TASK ITEM —
Where the word "kitchen" occurs in a line of the listing below, copy that line.

INFORMATION SUPPLIED —
Start of Block
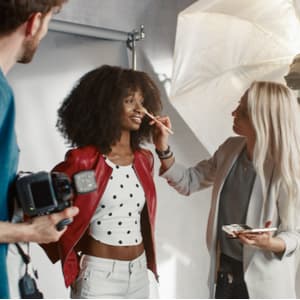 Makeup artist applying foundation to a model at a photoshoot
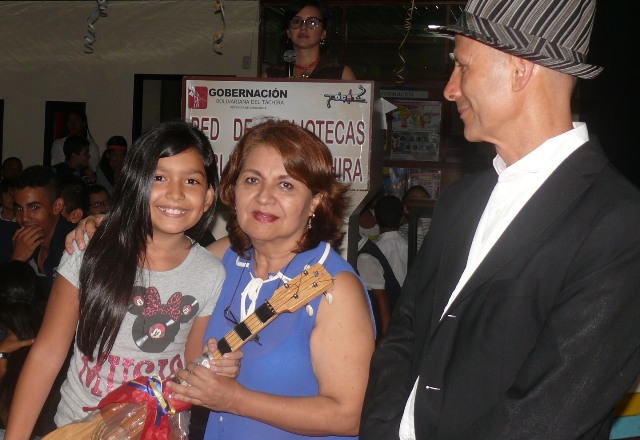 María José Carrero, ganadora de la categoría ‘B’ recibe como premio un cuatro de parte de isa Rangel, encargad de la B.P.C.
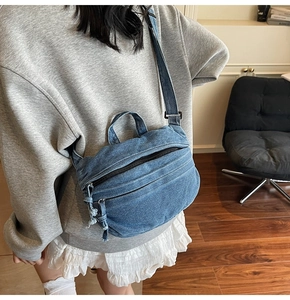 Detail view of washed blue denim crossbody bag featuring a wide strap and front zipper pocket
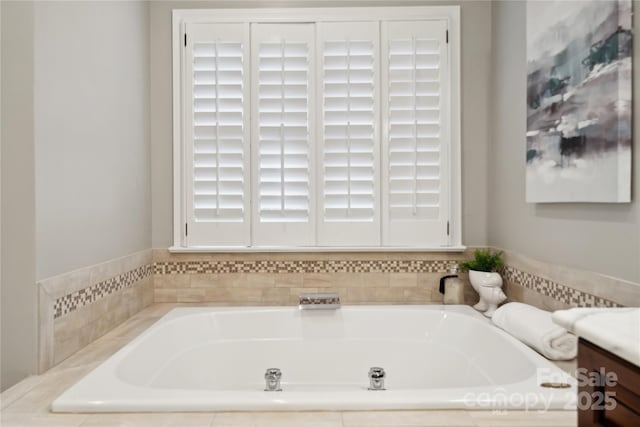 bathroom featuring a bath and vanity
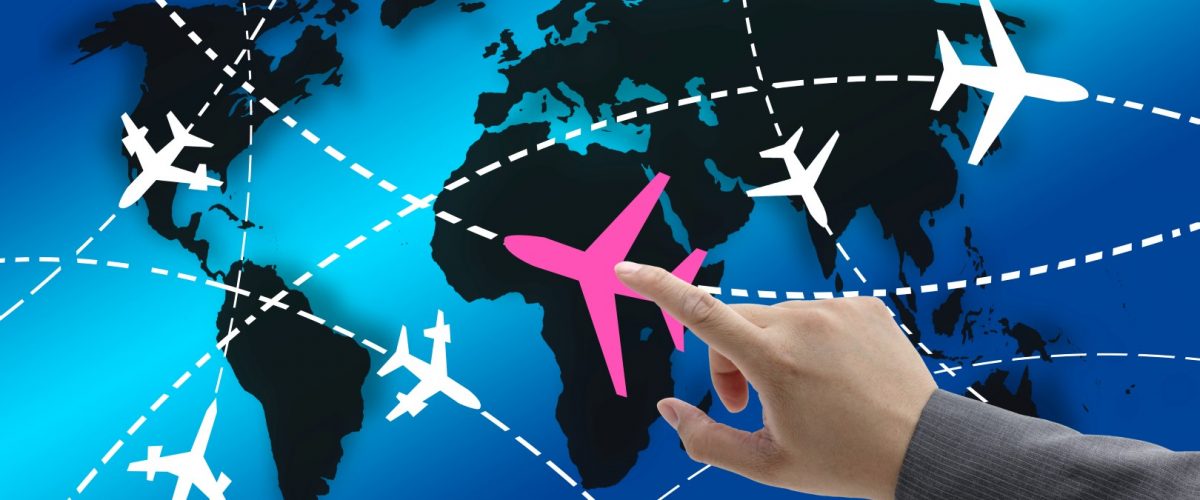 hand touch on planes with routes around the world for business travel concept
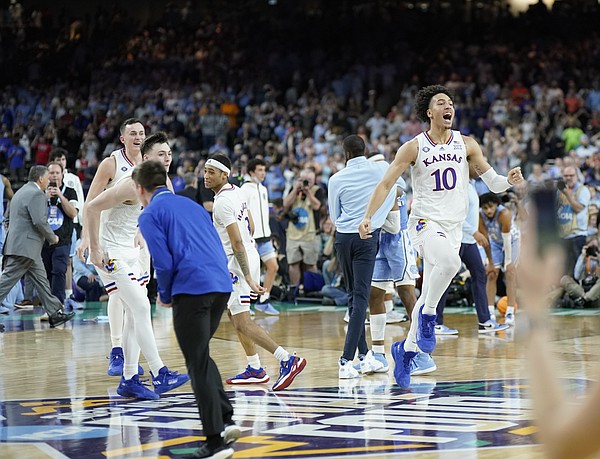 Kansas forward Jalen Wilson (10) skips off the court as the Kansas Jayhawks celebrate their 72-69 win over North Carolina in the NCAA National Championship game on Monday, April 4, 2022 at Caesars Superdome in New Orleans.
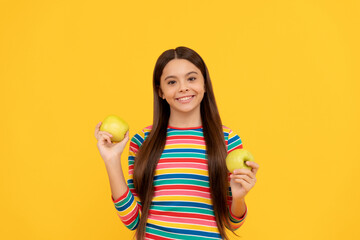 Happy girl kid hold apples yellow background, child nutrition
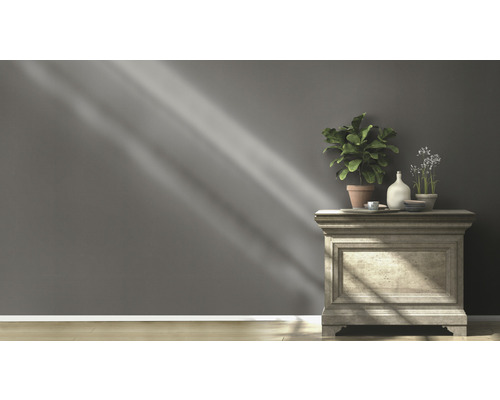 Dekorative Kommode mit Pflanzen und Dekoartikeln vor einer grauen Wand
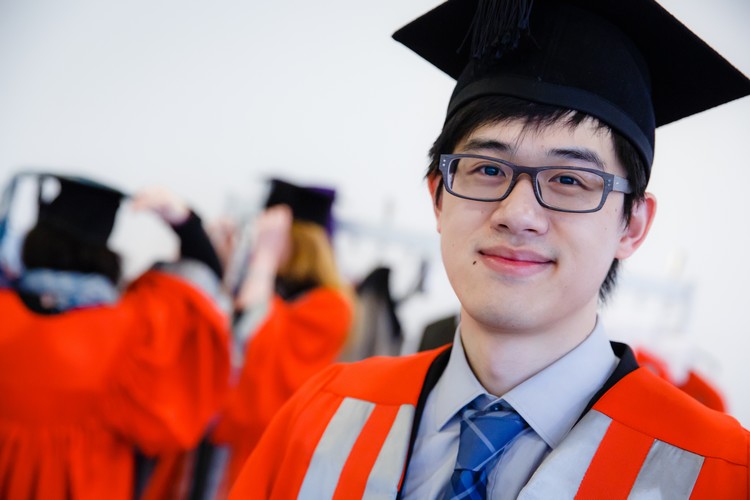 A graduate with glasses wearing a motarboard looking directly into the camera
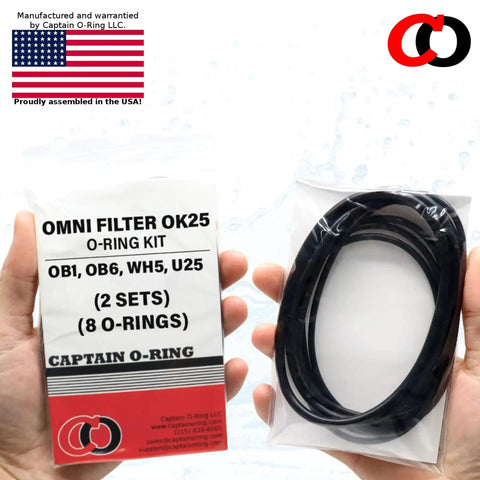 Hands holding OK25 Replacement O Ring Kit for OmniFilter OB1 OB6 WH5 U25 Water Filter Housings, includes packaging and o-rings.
End of Block
Start of Block
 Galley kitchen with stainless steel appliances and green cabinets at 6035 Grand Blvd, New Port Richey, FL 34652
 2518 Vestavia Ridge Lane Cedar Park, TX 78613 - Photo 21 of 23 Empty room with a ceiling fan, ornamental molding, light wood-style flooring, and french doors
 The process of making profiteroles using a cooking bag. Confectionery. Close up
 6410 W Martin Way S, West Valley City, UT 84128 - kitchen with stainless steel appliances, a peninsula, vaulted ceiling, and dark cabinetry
End of Block
Start of Block
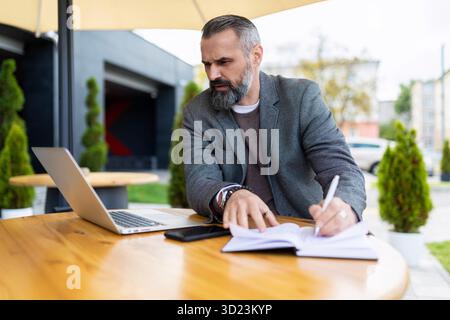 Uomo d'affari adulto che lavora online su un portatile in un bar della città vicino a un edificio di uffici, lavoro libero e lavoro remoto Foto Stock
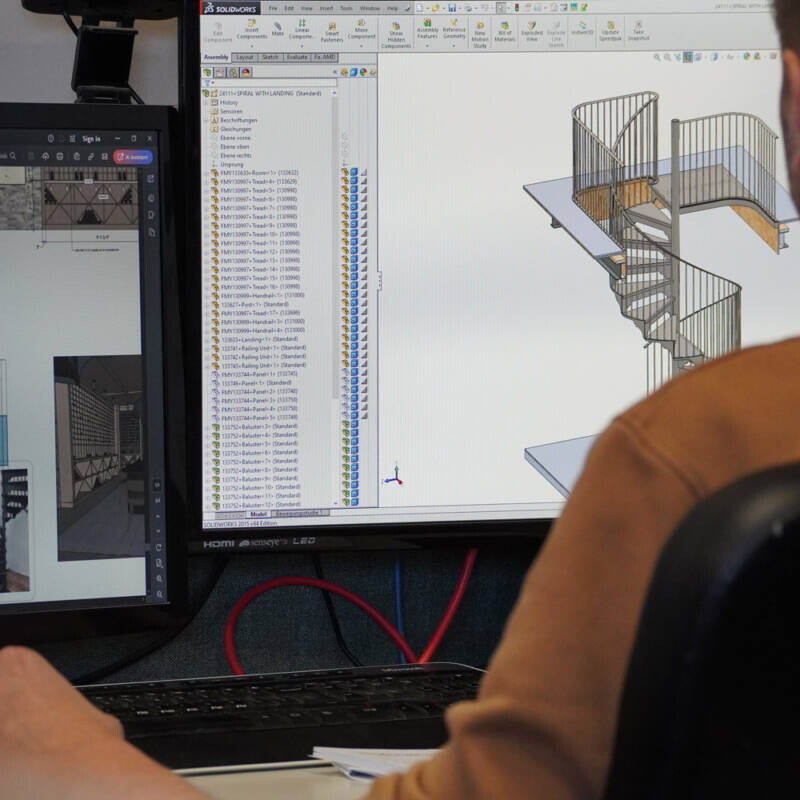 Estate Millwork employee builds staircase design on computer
End of Block
WRITTEN RESPONSE —
 Galley kitchen with stainless steel appliances and green cabinets at 6035 Grand Blvd, New Port Richey, FL 34652
 6410 W Martin Way S, West Valley City, UT 84128 - kitchen with stainless steel appliances, a peninsula, vaulted ceiling, and dark cabinetry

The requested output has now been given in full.